I grew up during the 1980’s, a very special decade. We had Ronald Reagan, big hair, Satanic Panic, video arcades, Bruce Springsteen, heavy metal, Freddy Krueger, petting zoos, VHS tapes, monster truck tournaments, Beautiful Mount Airy Lodge, help-a-child foundations (all that’s needed is a desire to help and a clean criminal record!) and cheesy commercials for hot dog joints, to name just a few.
The WNUF Halloween Special starts with a news broadcast, where we hear all the local news – dirty attack ads in governor races, a local dentist giving money for Halloween candy, a Christian group claiming that Halloween is evil. The Halloween Special itself, which takes place in a supposedly haunted house where a young man killed his family and claimed the Devil made him do it, doesn’t start until about twenty minutes into the movie.
As is fitting, the WNUF Halloween Special comes complete with commercials for carpet joints, local dentists, bad TV shows and petting zoos. I watched a lot of TV in the 80’s, and can tell you the commercials are spot-on. As the night progresses and the kiddies go to bed, the commercials get weirder and more risqué. The special has been recorded on VCR, and the watcher fast-forwards through the duplicates.
The actors and actresses of this movie look like real people, not airbrushed gods and goddesses. Frank Stewart, the narrator of the Halloween Special, has messy hair and the sleazy appeal of a used car salesman. His guests include a pair of fake psychics and their pet cat, along with a priest who becomes increasingly terrified as the night goes on. They have a call-in séance where a caller tells us that Iron Maiden rules and White Lion sucks. It’s amateur hour, but Frank soldiers on, even though it becomes obvious that something’s in the house.

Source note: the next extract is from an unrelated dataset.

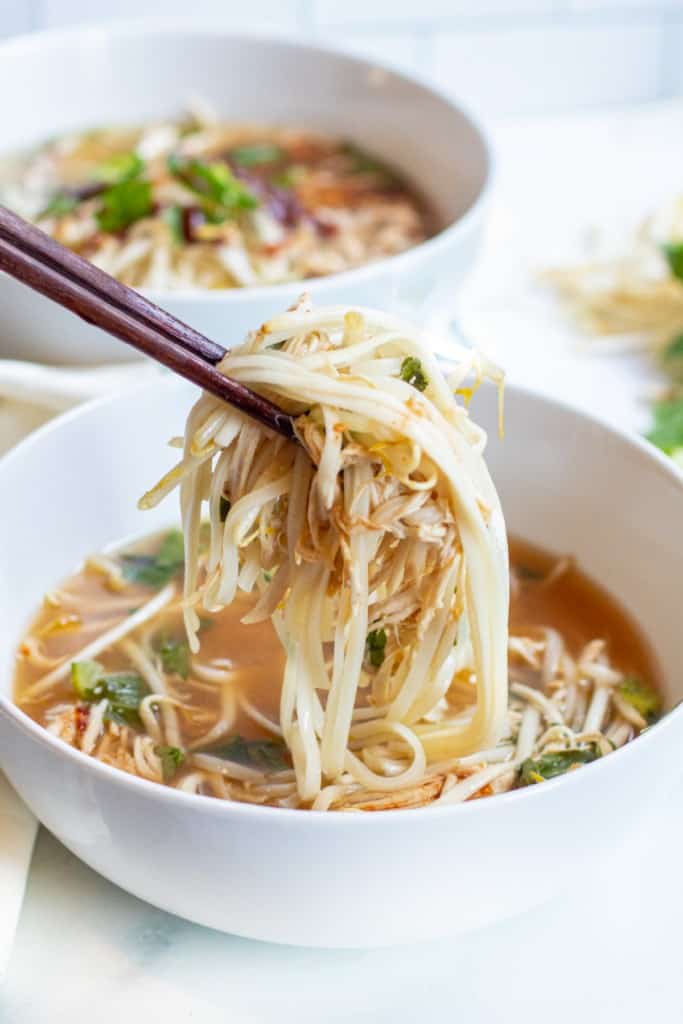 a bowl of chicken pho with chopstick holding up noodles and chicken.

I wouldn’t call the WNUF Halloween Special found-footage because technically the footage isn’t found. But it has links to that genre; other influences include The Amityville Horror and the BBC mockumentary Ghostwatch, which I reviewed last year. The commercials get a bit annoying, but this is a movie worth seeing, if only because it takes us back to the 80’s, that magical decade!